A virtual private network (VPN) is an online service that changes your device’s IP address and encrypts your online traffic to protect your data on unsecured public networks or make it harder for your ISP to monitor your browsing traffic. Some VPNs, like ExpressVPN, also include additional tools that protect your digital privacy, like a malicious tracker blocker and an ad blocker.

Practical tips to ensure continuous privacy

Protecting your privacy on Android is an ongoing process, not a one-time setup. Small habits like separating profiles, updating apps, and reviewing permissions can make a big difference over time.

Use guest mode or work profiles

Some Android devices allow you to create separate user profiles so you can share your phone with family or friends without compromising your privacy.

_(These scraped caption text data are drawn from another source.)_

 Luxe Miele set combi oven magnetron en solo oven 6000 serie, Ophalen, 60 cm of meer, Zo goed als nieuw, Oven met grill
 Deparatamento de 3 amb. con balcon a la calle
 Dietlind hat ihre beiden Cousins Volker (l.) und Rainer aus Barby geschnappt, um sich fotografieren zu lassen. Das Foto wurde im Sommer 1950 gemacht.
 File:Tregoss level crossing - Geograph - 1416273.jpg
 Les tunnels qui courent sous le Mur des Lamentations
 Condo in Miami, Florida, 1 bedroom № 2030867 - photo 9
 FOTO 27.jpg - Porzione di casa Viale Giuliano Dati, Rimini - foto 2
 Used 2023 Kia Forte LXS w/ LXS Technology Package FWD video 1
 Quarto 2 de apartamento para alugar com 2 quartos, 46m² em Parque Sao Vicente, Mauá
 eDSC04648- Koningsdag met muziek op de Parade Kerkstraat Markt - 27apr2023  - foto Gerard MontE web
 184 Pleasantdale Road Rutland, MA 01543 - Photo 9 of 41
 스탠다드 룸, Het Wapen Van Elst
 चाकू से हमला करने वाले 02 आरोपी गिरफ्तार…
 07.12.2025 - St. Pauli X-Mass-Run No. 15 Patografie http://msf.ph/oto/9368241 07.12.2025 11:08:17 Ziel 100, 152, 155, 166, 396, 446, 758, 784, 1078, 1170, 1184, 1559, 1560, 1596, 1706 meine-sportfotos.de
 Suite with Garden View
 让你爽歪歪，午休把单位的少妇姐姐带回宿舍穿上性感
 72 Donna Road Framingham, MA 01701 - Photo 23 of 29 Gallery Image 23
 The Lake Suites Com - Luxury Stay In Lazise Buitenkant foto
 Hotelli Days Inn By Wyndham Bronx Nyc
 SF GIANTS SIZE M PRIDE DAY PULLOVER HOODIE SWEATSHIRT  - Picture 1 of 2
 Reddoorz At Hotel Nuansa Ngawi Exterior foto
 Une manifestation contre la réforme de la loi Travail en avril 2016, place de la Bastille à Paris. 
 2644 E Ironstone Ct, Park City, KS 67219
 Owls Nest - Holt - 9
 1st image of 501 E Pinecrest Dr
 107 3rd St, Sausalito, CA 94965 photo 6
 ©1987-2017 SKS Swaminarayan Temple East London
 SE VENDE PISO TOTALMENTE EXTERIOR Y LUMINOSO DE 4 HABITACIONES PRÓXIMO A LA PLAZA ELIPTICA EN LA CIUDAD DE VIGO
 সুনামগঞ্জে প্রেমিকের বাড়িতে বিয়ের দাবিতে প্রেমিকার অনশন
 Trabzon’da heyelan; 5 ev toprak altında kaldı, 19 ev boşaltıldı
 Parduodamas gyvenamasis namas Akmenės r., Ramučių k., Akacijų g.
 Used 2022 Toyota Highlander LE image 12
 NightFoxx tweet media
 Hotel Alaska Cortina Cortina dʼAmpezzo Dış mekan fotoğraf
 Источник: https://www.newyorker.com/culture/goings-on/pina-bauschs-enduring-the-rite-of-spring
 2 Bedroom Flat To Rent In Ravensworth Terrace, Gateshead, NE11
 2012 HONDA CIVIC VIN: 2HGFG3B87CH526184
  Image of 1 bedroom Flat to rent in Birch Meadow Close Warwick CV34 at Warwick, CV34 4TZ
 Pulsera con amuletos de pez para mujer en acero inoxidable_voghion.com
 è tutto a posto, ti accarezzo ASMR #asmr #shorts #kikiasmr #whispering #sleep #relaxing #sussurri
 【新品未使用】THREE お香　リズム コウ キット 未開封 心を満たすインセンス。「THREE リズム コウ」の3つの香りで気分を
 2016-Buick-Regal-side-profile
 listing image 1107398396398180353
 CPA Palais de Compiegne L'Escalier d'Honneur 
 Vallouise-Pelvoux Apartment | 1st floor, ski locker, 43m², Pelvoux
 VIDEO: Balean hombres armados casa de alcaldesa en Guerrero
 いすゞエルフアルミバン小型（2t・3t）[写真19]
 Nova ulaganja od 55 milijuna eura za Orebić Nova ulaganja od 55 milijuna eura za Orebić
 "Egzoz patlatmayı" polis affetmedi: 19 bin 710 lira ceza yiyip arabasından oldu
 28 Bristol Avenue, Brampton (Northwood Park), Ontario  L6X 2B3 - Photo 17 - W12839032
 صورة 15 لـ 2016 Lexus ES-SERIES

Users don't share files, messages, and apps because a guest profile has its own storage space.

Additionally, devices running Android 5 or later support work profiles, which separate work-related apps and data from personal services and information. This lets you use the same device for both work and personal tasks while keeping your data separate and protected. To create a work profile, you need to speak with your employer, as you’ll need a code from your IT admin to finish the setup.

Keep apps updated and remove unused apps

Along with keeping your Android device up to date, make sure all installed apps are updated to the latest version. Outdated apps can create security gaps that attackers may exploit to compromise your phone and data. Also, consider removing apps you no longer use. Unused apps take up space and may stop receiving security updates, which can put your information at risk.

Review permissions regularly

Even if you adjust app permissions now, it’s simple to lose track of them as you install more services in the future. Consider setting a reminder to review app permissions regularly so apps only have access to the data they need. Do this every few months or as often as you feel comfortable to stay on top of privacy risks.